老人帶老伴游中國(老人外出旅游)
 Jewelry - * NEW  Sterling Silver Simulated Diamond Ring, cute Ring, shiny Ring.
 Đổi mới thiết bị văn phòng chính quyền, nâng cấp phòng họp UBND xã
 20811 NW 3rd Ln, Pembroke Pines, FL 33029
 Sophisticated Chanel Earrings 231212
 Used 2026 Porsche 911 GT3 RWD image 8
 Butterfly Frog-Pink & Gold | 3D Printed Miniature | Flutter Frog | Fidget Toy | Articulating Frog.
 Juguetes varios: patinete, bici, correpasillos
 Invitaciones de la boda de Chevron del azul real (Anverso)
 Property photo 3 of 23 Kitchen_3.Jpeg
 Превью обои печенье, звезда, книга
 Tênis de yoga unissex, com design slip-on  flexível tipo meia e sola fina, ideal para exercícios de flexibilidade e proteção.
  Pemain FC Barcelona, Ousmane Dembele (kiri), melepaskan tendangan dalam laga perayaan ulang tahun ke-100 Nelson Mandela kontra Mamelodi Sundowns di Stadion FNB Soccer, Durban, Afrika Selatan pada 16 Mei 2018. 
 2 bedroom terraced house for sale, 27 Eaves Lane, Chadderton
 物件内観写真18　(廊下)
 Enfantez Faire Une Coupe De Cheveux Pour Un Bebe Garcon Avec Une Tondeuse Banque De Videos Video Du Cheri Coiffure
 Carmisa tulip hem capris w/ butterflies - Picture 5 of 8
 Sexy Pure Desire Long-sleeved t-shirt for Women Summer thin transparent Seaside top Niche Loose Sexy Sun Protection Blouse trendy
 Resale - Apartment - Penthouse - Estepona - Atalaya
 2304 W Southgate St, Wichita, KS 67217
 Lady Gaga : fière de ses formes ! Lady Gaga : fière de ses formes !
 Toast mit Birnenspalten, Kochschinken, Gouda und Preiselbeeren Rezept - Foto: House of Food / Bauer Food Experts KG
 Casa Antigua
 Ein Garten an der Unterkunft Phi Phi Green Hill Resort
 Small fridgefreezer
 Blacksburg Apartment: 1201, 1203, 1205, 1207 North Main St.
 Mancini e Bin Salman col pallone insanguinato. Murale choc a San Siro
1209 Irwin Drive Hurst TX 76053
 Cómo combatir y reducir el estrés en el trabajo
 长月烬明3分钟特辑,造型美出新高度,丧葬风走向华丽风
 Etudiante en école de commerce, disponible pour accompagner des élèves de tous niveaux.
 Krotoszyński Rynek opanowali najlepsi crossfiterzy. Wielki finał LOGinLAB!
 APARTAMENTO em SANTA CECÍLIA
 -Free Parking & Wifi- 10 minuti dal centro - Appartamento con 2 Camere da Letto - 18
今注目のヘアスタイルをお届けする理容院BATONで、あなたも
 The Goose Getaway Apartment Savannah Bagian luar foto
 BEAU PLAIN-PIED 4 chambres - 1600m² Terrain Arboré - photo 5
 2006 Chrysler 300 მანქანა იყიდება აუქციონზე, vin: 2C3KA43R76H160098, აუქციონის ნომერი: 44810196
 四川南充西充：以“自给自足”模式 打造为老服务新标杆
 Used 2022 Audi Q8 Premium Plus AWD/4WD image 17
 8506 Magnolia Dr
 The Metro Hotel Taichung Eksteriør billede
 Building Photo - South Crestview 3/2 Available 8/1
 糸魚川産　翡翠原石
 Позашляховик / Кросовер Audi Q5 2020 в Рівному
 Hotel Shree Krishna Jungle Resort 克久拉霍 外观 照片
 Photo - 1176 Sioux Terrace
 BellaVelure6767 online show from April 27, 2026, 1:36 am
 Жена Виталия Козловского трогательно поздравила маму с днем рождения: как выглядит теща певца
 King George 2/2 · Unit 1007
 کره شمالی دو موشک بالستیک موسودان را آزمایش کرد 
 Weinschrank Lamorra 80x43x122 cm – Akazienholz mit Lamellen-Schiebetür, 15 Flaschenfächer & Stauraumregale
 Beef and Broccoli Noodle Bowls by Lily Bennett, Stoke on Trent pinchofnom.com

··········

#### [Instructions to follow]
From the entries above, write out only the lines starting at the line that holds "Превью обои печенье, звезда, книга" and ending at the line that holds "Lady Gaga : fière de ses formes ! Lady", keeping both and matching them exactly.

#### [Your response]
 Превью обои печенье, звезда, книга
 Tênis de yoga unissex, com design slip-on  flexível tipo meia e sola fina, ideal para exercícios de flexibilidade e proteção.
  Pemain FC Barcelona, Ousmane Dembele (kiri), melepaskan tendangan dalam laga perayaan ulang tahun ke-100 Nelson Mandela kontra Mamelodi Sundowns di Stadion FNB Soccer, Durban, Afrika Selatan pada 16 Mei 2018. 
 2 bedroom terraced house for sale, 27 Eaves Lane, Chadderton
 物件内観写真18　(廊下)
 Enfantez Faire Une Coupe De Cheveux Pour Un Bebe Garcon Avec Une Tondeuse Banque De Videos Video Du Cheri Coiffure
 Carmisa tulip hem capris w/ butterflies - Picture 5 of 8
 Sexy Pure Desire Long-sleeved t-shirt for Women Summer thin transparent Seaside top Niche Loose Sexy Sun Protection Blouse trendy
 Resale - Apartment - Penthouse - Estepona - Atalaya
 2304 W Southgate St, Wichita, KS 67217
 Lady Gaga : fière de ses formes ! Lady Gaga : fière de ses formes !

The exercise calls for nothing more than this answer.